» **Your task**
Skip all pictures; return exactly the lines from the one containing "Как научить рисовать" through the end of the data.

» **Dataset extract**
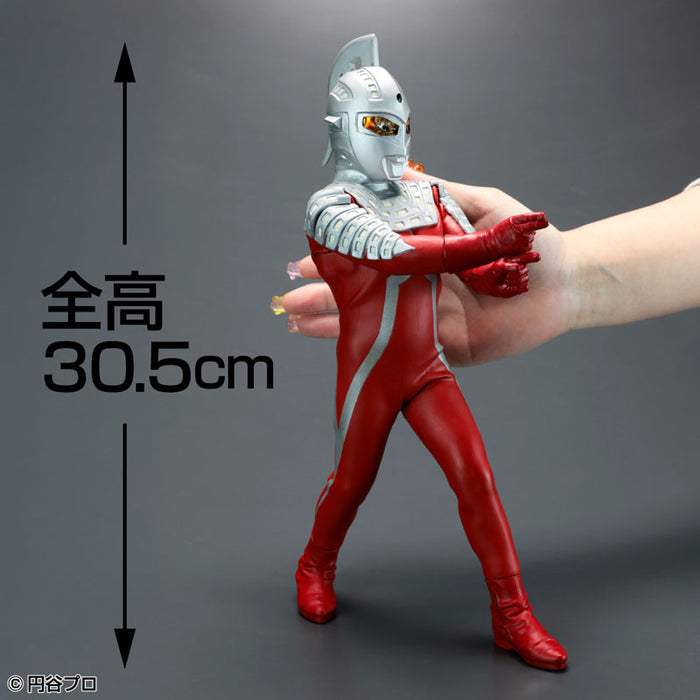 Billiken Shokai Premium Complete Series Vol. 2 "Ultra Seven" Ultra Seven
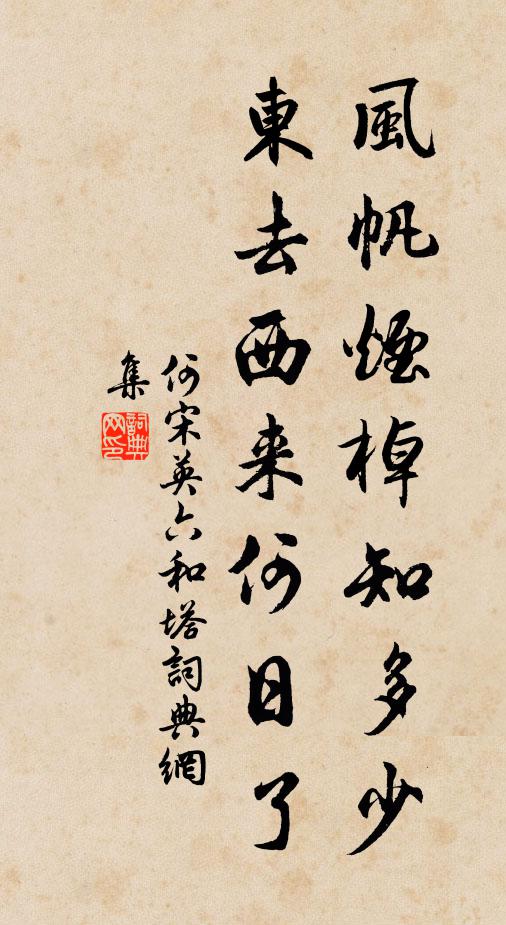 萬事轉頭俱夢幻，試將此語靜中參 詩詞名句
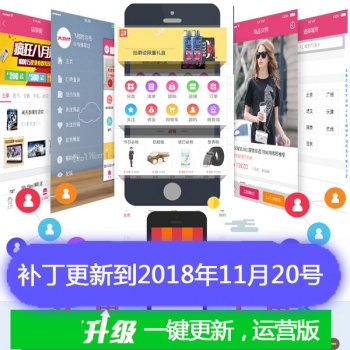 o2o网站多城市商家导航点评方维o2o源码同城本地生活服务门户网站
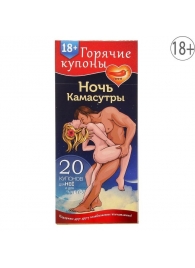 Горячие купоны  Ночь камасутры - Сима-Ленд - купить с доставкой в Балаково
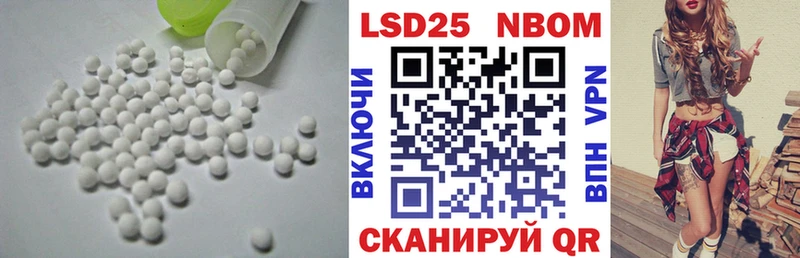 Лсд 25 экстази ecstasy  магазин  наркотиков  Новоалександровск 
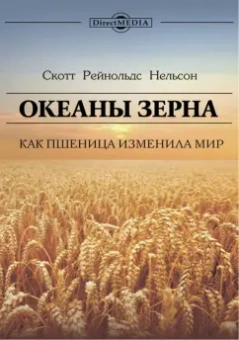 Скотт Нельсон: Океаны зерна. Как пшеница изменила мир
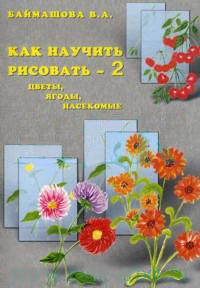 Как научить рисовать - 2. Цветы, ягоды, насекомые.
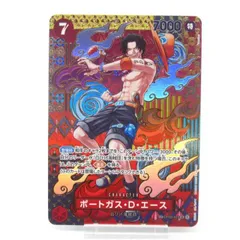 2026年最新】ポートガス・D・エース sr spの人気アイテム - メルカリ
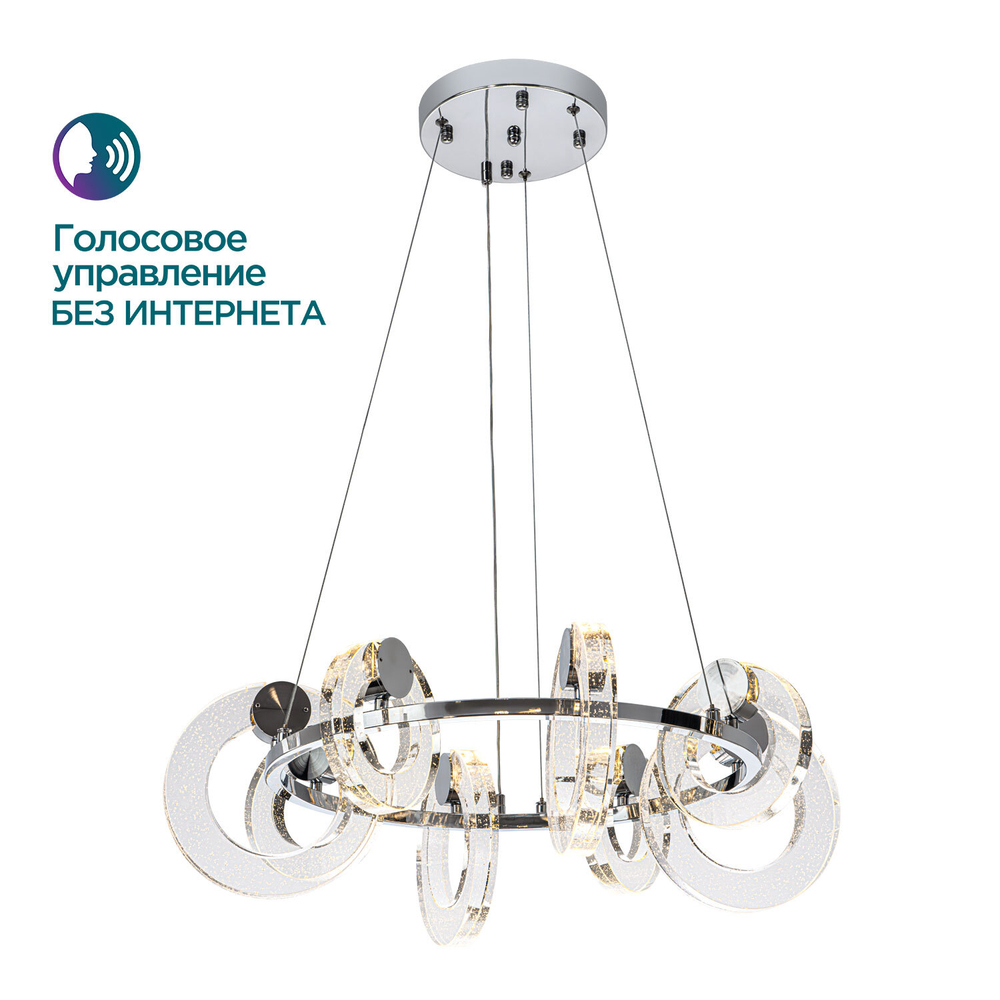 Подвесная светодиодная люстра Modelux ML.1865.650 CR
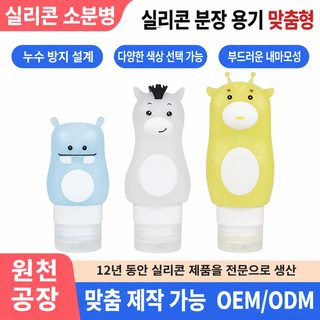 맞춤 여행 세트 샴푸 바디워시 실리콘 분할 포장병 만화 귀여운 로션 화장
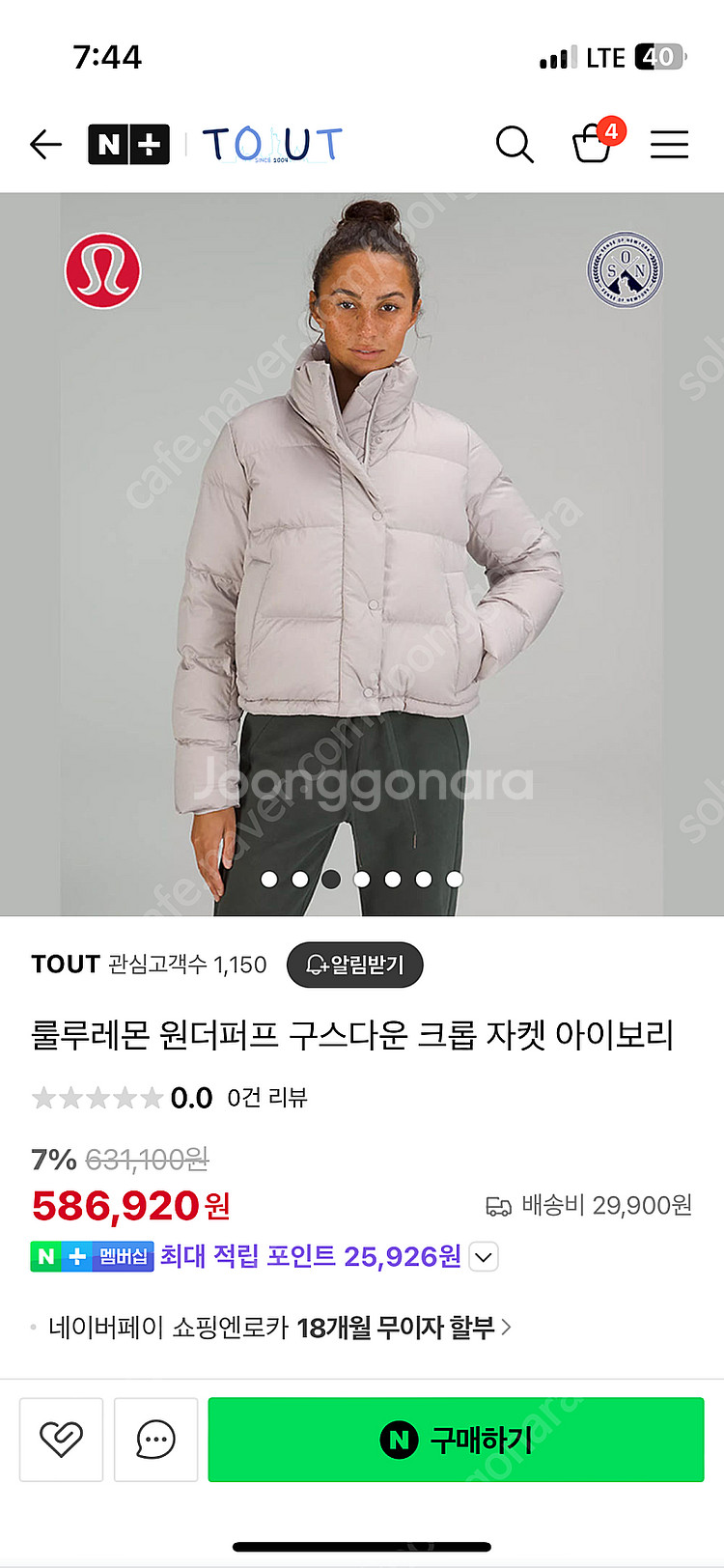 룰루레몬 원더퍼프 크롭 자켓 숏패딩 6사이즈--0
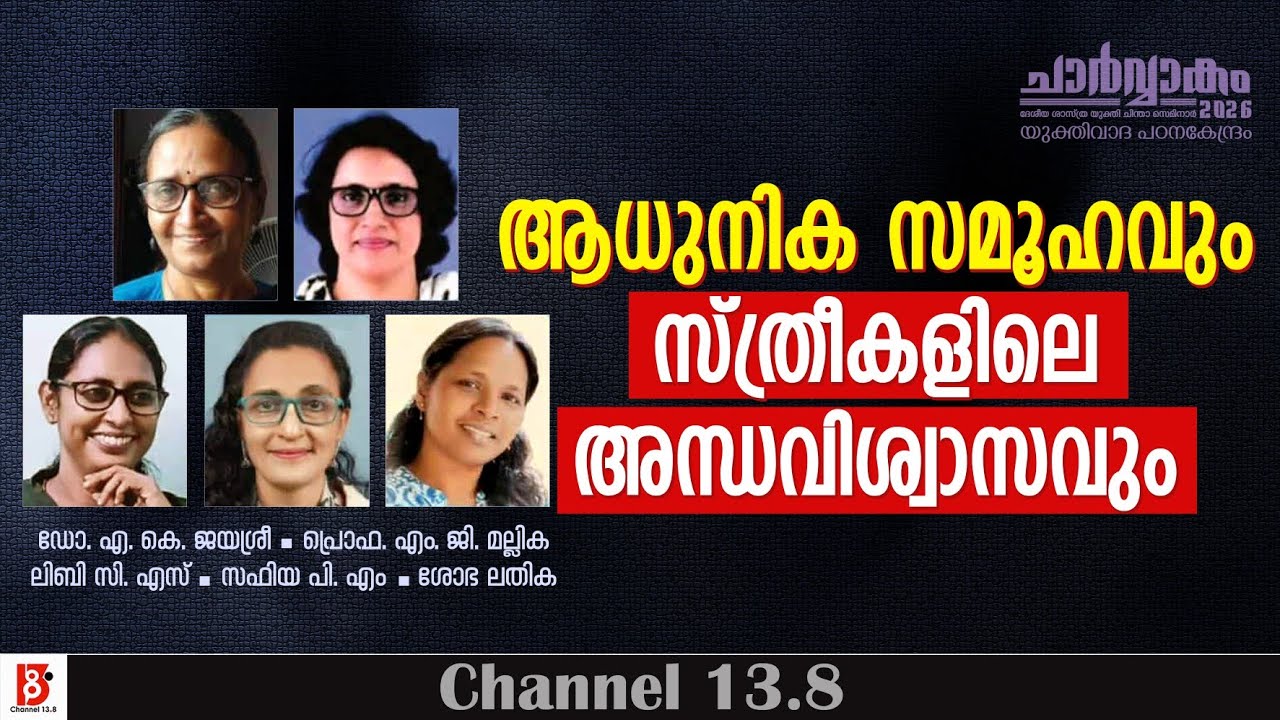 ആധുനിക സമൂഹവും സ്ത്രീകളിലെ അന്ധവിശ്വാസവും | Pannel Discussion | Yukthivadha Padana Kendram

» **Response for this exercise**
 Как научить рисовать - 2. Цветы, ягоды, насекомые.
 2026年最新】ポートガス・D・エース sr spの人気アイテム - メルカリ
 Подвесная светодиодная люстра Modelux ML.1865.650 CR
 맞춤 여행 세트 샴푸 바디워시 실리콘 분할 포장병 만화 귀여운 로션 화장
 룰루레몬 원더퍼프 크롭 자켓 숏패딩 6사이즈--0
 ആധുനിക സമൂഹവും സ്ത്രീകളിലെ അന്ധവിശ്വാസവും | Pannel Discussion | Yukthivadha Padana Kendram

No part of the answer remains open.